No.. It is 100% OK to have a column in multiple indexes. If you have an index on (A,B,C) and you add another one on (A) that will be redundant and pointless (because it is a prefix of another index). An index on B is perfectly fine.

MySQL indexes optimisation

I have a big query with different tables queried with joins and with WHERE CLAUSES.
Now from my understanding the best index to have is to see the WHERE CLAUSE and add it as an index
select name from Table WHERE name = 'John'
We would have an index on the "name" field .
How would we determine the best index to have if the clause looks like this:
WHERE table1.field = 'x' and table2.field = 'y' etc...
of course the query is much more complicated than that , just want to know how to proceed and if you guys have a better idea .
SELECT ...
FROM tA
JOIN tB WHERE tA.x = tB.y
WHERE tA.name = 'foo'
AND tB.name = 'bar'
begs for
tA: INDEX(name, x)
tB: INDEX(name, y)
On the other hand:
SELECT ...
FROM tA
JOIN tB WHERE tA.name = tB.name
needs INDEX(name) on both tables.
If name is the PRIMARY KEY on each table, then those indexes are redundant and should not be added.
Etc.
How would we determine the best index to have if the clause looks like this:
WHERE table1.field = 'x' and table2.field = 'y' etc...
First of all as you are using join of 2 tables then join fields should be indexed and for better performance these fields should be integer type.
Now try to check which condition is filtering more data means reducing rows and try to create index on that field or composite index on multiple fields (make sure field should be in most left in index which is filtering more data) but index size should not increase too much.
Normally (not always) one table uses single index, so as you are filtering data from multiple tables so you can create index on both tables columns if you are getting sufficient data filteration by these fields.
Further anyone can advise better after seeing your actual query.
There is no such thing as single index for multiple tables.
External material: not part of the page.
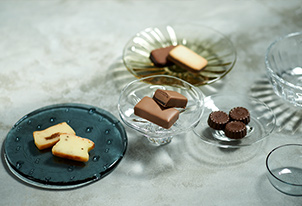 初夏のティータイムに、涼しげなガラスの器を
The first thing you could do, is to create an index for table1 on field and another one for table2 on field. If this still not fast enough, depending on your database schema, you could set a foreign key.
Lastly, you can create a view which contains data from both tables and then index that view. The advantage of a view is to have the data pre-joined which might make the query even faster.

Index on HAVING?

In my basic understanding of an index, the index is used on a column in a WHERE clause. Since the HAVING clause is similar to a WHERE clause applied after a GROUP BY statement, does an index have the same effect on that? For example:
SELECT * FROM table WHERE full_name = 'Bob Jones'
--> index on full_name would be beneficial here
and
SELECT * FROM table WHERE first_name = 'Bob'
GROUP BY
height HAVING height > 72
In this second query, would an index on both first_name and height improve the performance? Which index would be more important, or are they roughly the equivalent? Also, do indexes improve GROUP BY performance as well (regardless of a HAVING)?
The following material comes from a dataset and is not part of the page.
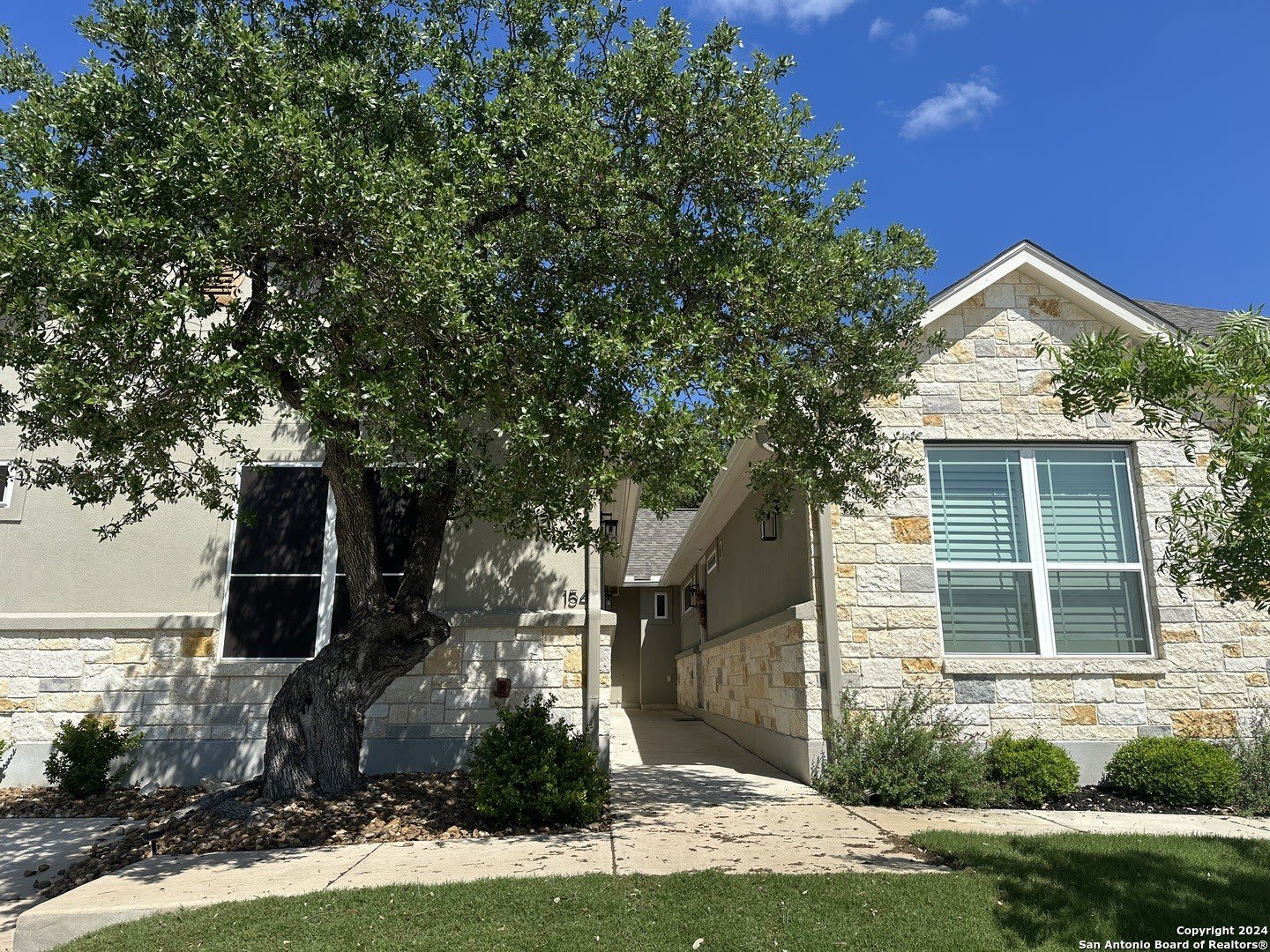 154 Magnolia Cir – photo 1 of 230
A HAVING clause is essentially the last thing done to filter a query's results before they're sent off to the client. It's only useful if you need to filter on the results of an aggregate function, whose value can NOT be available during the row-level filtering that WHERE clauses do.
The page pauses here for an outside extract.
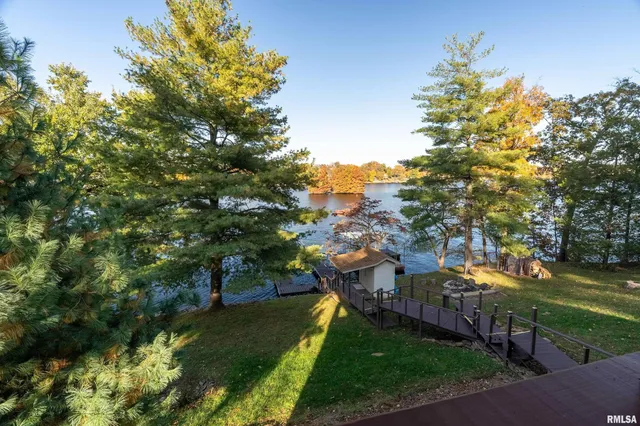 $499,000 | 135 Oak Circle, Goreville, IL 62939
Essentially, a HAVING clause can be seen as applying another query, turning your main query into a subquery.
e.g.
SELECT ...
FROM sometable
HAVING somefield = X
is really no different that
SELECT *
FROM (
SELECT ...
FROM sometable
)
WHERE somefield = X
If the field you're filtering with the HAVING is NOT a derived field (aggregate value, calculated field, etc...) then you're almost certainly better off doing the filtering at the WHERE level, which keeps unecessary rows from being loaded off disk in the first place.
Since having is applied last, rows will be loaded from disk, then possibly discarded if they don't match the HAVING criteria.